EX-5.1 3 ea184298ex5-1_cuentasinc.htm LEGAL OPINION OF ELLENOFF GROSMAN & SCHOLE LLP


Exhibit 5.1

 

1345 AVENUE OF THE AMERICAS, 11th FLOOR

NEW YORK, NEW YORK 10017

TELEPHONE: (212) 370-1300

FACSIMILE: (212) 370-7889

www.egsllp.com

   

November 22, 2023

 

Cuentas Inc.

235 Lincoln Rd., Suite 210

Miami Beach, FL 33139

 

Re: Registration Statement on Form S-3

 

Gentlemen:

 

We have acted as counsel to Cuentas Inc., a Florida corporation (the “Company”), in connection with a Registration Statement on Form S-3 (the “Registration Statement”) filed by the Company with the Securities and Exchange Commission (the “Commission”) pursuant to the Securities Act of 1933, as amended.

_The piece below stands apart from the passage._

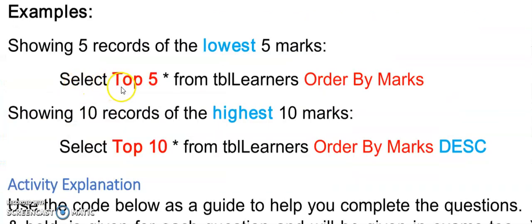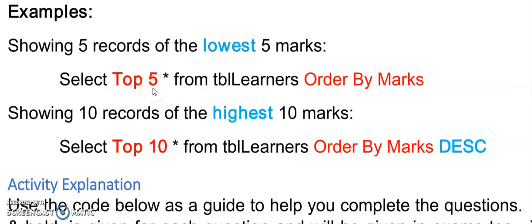With ORDER BY we can also use the operator function called TOP. If I say SELECT TOP 5, all the fields from this table, ORDER BY marks, my table will be sorted by marks starting with the lowest mark at the top — and SELECT TOP 5 will show me the first five records from the top of the query. In this example, I'm showing the first 10 records from the table Learners, but this time sorted by marks in descending order — so the largest marks will be at the top, showing my top 10 students.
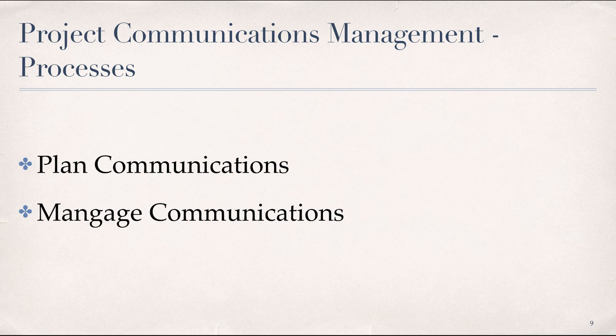This is a process for ensuring timely and appropriate collection, creation, distribution, storage, retrieval, management, monitoring, and the ultimate disposition of project information.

The Registration Statement relates to the registration by the Company for resale by the selling stockholders listed in the prospectus included as a part of the Registration Statement (the “Selling Shareholders”) of up to 1,275,747 shares of the Company’s common stock, par value $0.001 (the “Common Stock”) consisting of (i) up to 1,232,606 shares issuable upon exercise of a warrant (the “Inducement Warrant”) to purchase shares of common stock at an exercise price of $3.30 per share issued to one of the selling shareholders on August 24, 2023 as an inducement to the exercise of outstanding warrants, issued on August 8, 2022 and warrants to purchase shares of the Company’s Common Stock issued on February 8, 2023 (together, the “Existing Warrants”), pursuant a Warrant Exercise and Inducement Letter dated November 21, 2023 (the “Inducement Letter”) in which the selling shareholder agreed to exercise for cash its Existing Warrants to purchase an aggregate of 616,303 shares of the Company’s common stock, at a reduced exercised price of $3.30 per share, in consideration for the Company’s agreement to issue the Inducement Warrants (the “Warrant Exercise and Inducement Transaction”), and (ii) up to 43,141 shares of common stock (the “August 2023 PA Warrant Shares,” and together with the Inducement Warrant Shares, the “Warrant Shares”) issuable upon exercise of warrants to purchase shares of common stock at an exercise price of $4.455 per share (the “August 2023 PA Warrants,” and together with the Inducement Warrant, the “Warrants”) issued on August 24, 2023 to the other selling shareholders, designees of the placement agent for the Warrant Exercise and Inducement Transaction”). This opinion letter is furnished to fulfill the requirements, in connection with the Registration Statement, of Item 601(b)(5) of Regulation S-K promulgated by the Commission.

 

We have examined such documents and considered such legal matters as we have deemed necessary and relevant as the basis for the opinion set forth below including, without limitation: (i) the Registration Statement; (ii) (ii) the Amended and Restated Articles of Incorporation and Amended and Restated Bylaws of the Company, each as amended to date; (iii) each of the Existing Warrants; (iv) the Inducement Letter; and (v) records of meetings and consents of the Board of Directors of the Company provided to us by the Company. With respect to such examination, we have assumed the genuineness of all signatures, the authenticity of all documents submitted to us as originals, the conformity to original documents of all documents submitted to us as reproduced or certified copies, and the authenticity of the originals of those latter documents.

 

 

 

Based upon and subject to the foregoing, we are of the opinion that upon due exercise of the Warrants in accordance with the terms thereof, and when certificates for the same have been duly executed and countersigned and delivered in accordance with and pursuant to the terms of the Warrants, the Warrant Shares will be duly and validly issued, fully paid and non-assessable.

 

The opinions expressed herein are limited solely to the Florida Business Corporation Act, including the applicable provisions of the Florida Statutes and the reported judicial decisions interpreting such law, as currently in effect, and we express no opinion as to the effect of any other law of the State of Florida or the laws of any other jurisdiction.

 

We hereby consent to the filing of this opinion as Exhibit 5.1 to the Registration Statement and to the reference to our firm under the caption “Legal Matters” in the prospectus constituting a part of the Registration Statement. In giving such consent, we do not thereby admit that we are included in the category of persons whose consent is required under Section 7 of the Securities Act or the rules and regulations of the Commission promulgated thereunder. We assume no obligation to update or supplement any of the opinion set forth herein to reflect any changes of law or fact that may occur following the date hereof.